I buy all of my bottles, and only reuse ones that I've bought, I also like to bottle my wine batches in all of the same size and shape bottles. You can find good deals on bottles on line, a buck each or less, but shipping usually ruins the deal unless you have something else shipping anyway. I end up buying mine in 10 or 15 case orders from my LHBS.


----------



## Boatboy24 (Sep 5, 2016)

You won't find them cheaply, once you add shipping. But check MoreWine and Shore Container. Play around with different amounts - it may cost the same to ship one case of bottles as it does for 3. As you 'size up', there should be similar scenarios.


----------



## ceeaton (Sep 5, 2016)

Try visiting a local winery. Our LHBS sells used bottles (the winery uses them for tastings and can't reuse them) from a local winery (Nissley's). They are usually in really good shape and cost $4.99 per case of 12 - 750's, but I'm sure if we took a trek to the winery, we could get them in bulk much cheaper (we're just too lazy).


----------



## richmke (Sep 6, 2016)

Where are you located? You could order from a manufacturer/distributor. some sell by the pallet (about 1,000 bottles).


----------



## Double Daylo (Sep 6, 2016)

Thanks for the tips all. I will look at local winery's if they sell used bottles. 

Rich I am in Milwaukee which I assume you are as well.


----------



## richmke (Sep 6, 2016)

http://bottles-and-jars.wbbottle.co...71?&plpver=10&origin=keyword&by=prod&filter=0


In Port Washington, you can get used bottles from:
http://www.vinestocellar.com/

The problem is removing the labels. Last I checked, they are "free" for a donation (I forgot the charity).

In Brookfield, this place may have some:
https://www.water2wine.us/milwaukee/home

I never tried this: Ask the Wisconsin Center District, or a hotel, for their used bottles (they throw them away). You tend to get a lot of the same bottle because they only offer a couple of wines at any particular event. You may also get a lot of screw type.


----------



## richmke (Sep 6, 2016)

http://milwaukee.craigslist.org/hsh/5752175135.html


----------



## codeman (Sep 6, 2016)

Where can you buy bottles in bulk? Like 5,000+ at a time?


----------



## NorCal (Sep 7, 2016)

I just got this from our local distributor, 20 case minimum


----------



## Throwdown (Sep 8, 2016)

20 cases for that pricing isn't bad at all.

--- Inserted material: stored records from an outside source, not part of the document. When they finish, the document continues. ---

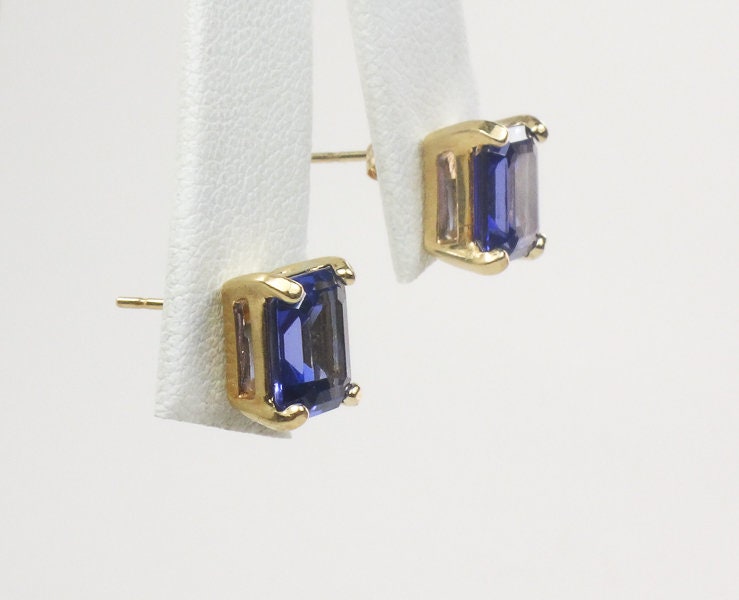 Vintage 14k Yellow Gold Purple Blue Spinel Stud Earrings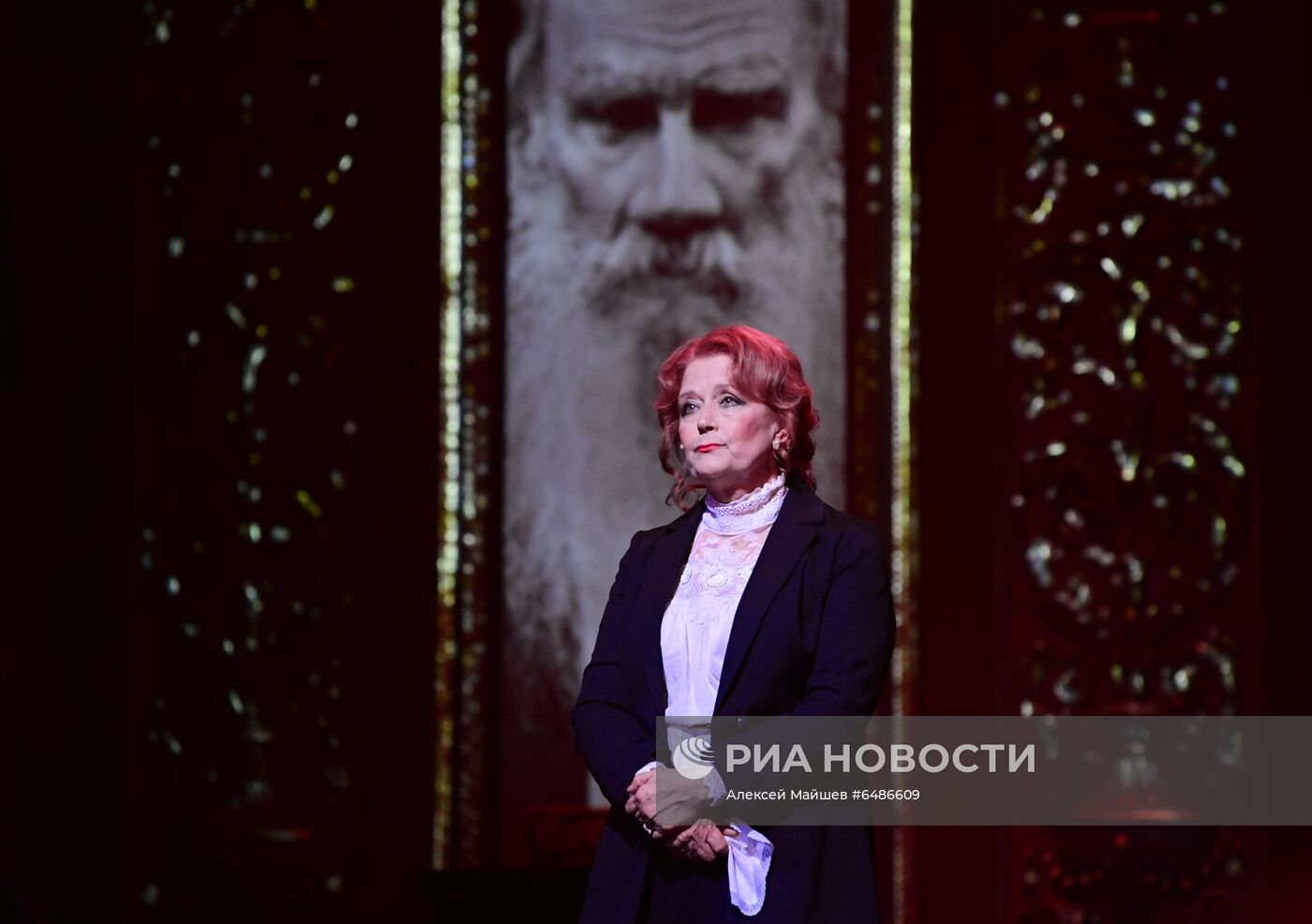 Спектакль А. Созонова "Толстого нет" в театре "Школа современной пьесы"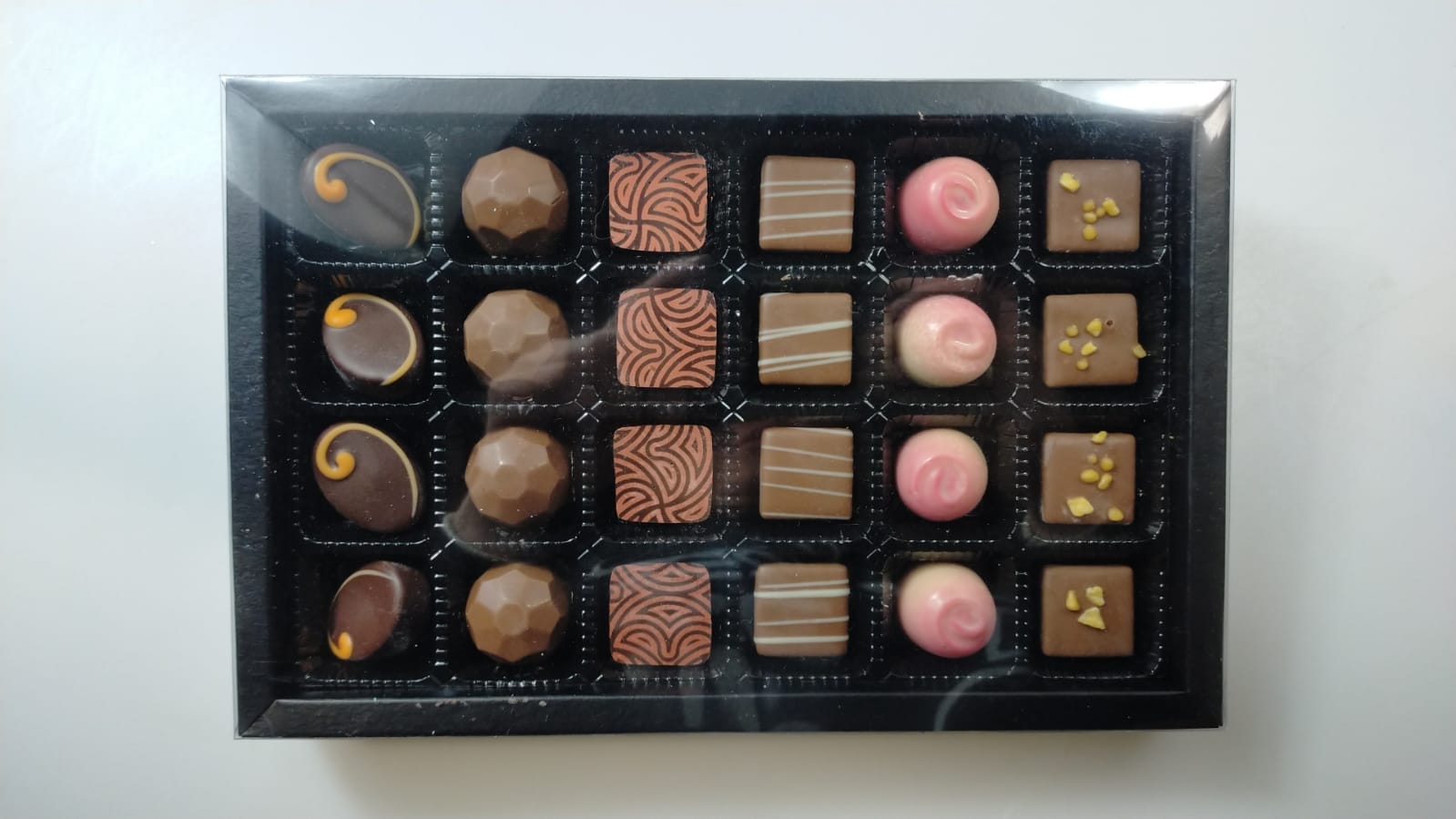 Конфеты ручной работы ассорти из темного и молочного шоколада 315 г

I found similar pricing but it was on a pallet ~96 cases


----------



## Double Daylo (Sep 9, 2016)

I'll talk to my LHBS. I'd be all over that price for 20 cases of new bottles.


----------



## winehomie (Oct 4, 2016)

I know this may sound weird, but I have bottled in used beer bottles before. Went to a local bar and got all I could ever use out of the trash for free, they were glad to not have to pay for hauling them off, then bought new caps online ($4.99 for 100) and they worked great. smaller bottles but can't beat the price, and with it usually just being my wife and I drinking the wine the smaller bottles worked out nicely.


----------



## Bat-man94 (Mar 21, 2017)

*I can't find Bocksbeutel bottles*

I am just getting started and I know it would be simpler starting out with a more common wine bottle but I really like the style of the Bocksbeutel wine bottles that are typically used for German wines. I would really like to purchase a good amount of them but I have searched and searched and can't seem to find any place to buy them! Does anyone have an idea as to where I might be able to find them?


----------